Hi. I´m glad to fing that forum to see so many people have similar troubles. Many of you (your spouses) are kind of middle-aged though... My fat husband is only 30 years old (I´m 25).
We got married a year ago after 5 years of dating. He wasn't slim when I met him - he was a little overwieght (210 lbs/5'7)  but very sporty and muscular and actually very hot. He performed martial arts and was a karate trainer. In the beginning, he was quite concerned about his little chubby belly and wanted to lose weight... But through the years, he became lazier and lazier and the pounds piled up. We had a few talks about the weight before the marriage as I became more interested in running, rock climbing and sports generally, and he agreed we would cook more healthy foods etc. And for a few months, at least he didn't gain more.

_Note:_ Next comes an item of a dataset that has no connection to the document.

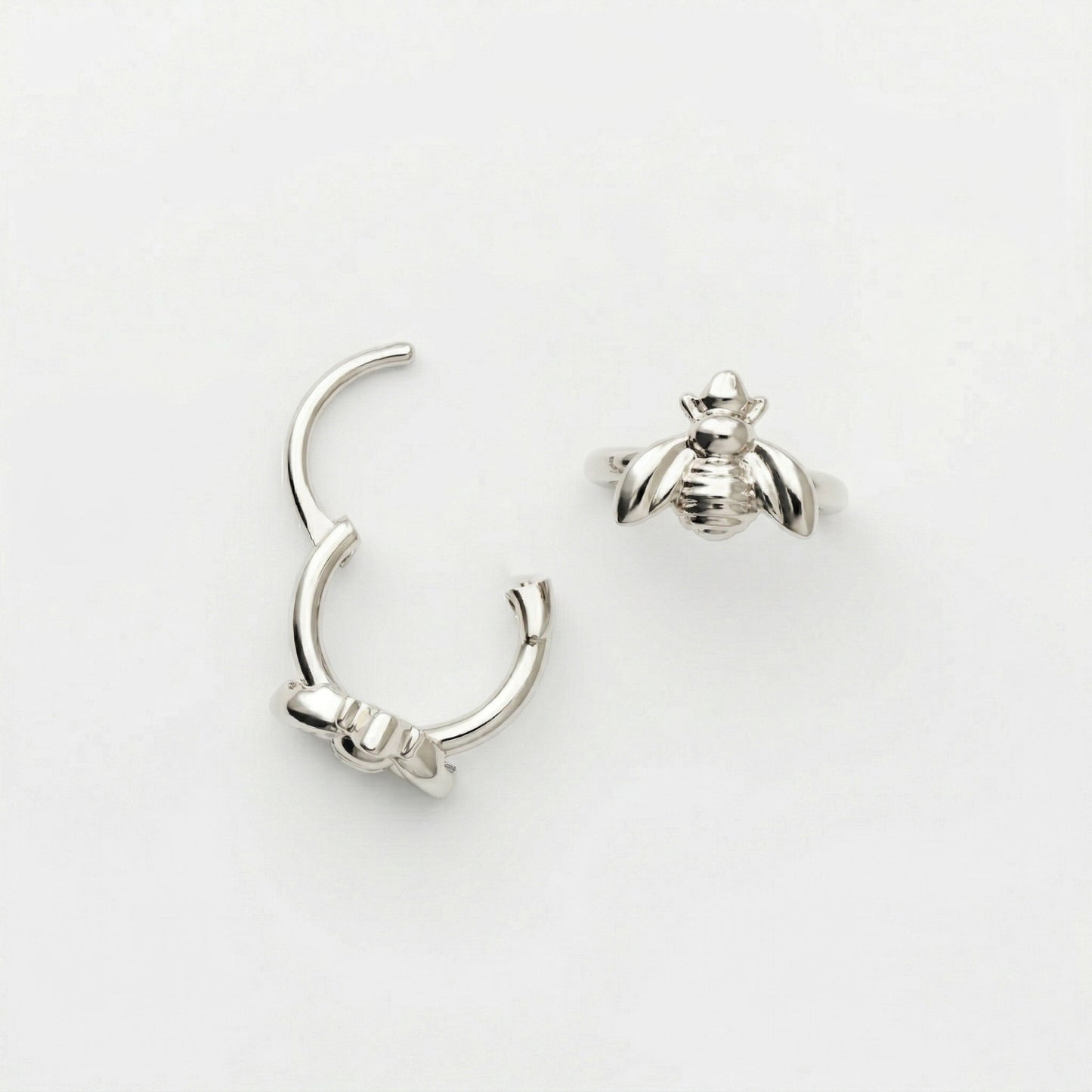 Silver Ear Hoop Honey Bee Design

But for a past few months, he really let himself go and started to gain a lot. I think he's heading to 300 now. He only comes home from work, eats everything he find and lies on a couch. Even a five-minutes walk with our dogs is a problem. I'd try any kind of activity to make him move, but he's not interested. Or he tries once and never again. Of course sports are exhausting for him now with all the extra pounds... Running is boring for him, swimming can cause hearing troubles, walks take too much time, he can't climb - feeling dizzy in heights, for karate trainings he's always late from work, gym is only for fitness maniacs etc etc etc. We bought a border collie puppy few weeks ago - never helps with it, I'm doing everything on my own. And he's being rude at me to bother him - he just wants to relax, not to participate in my "crazy" activities. When we talked about the weight, it hurt him a lot - he said I don't love him the way he is and felt depressed for weeks.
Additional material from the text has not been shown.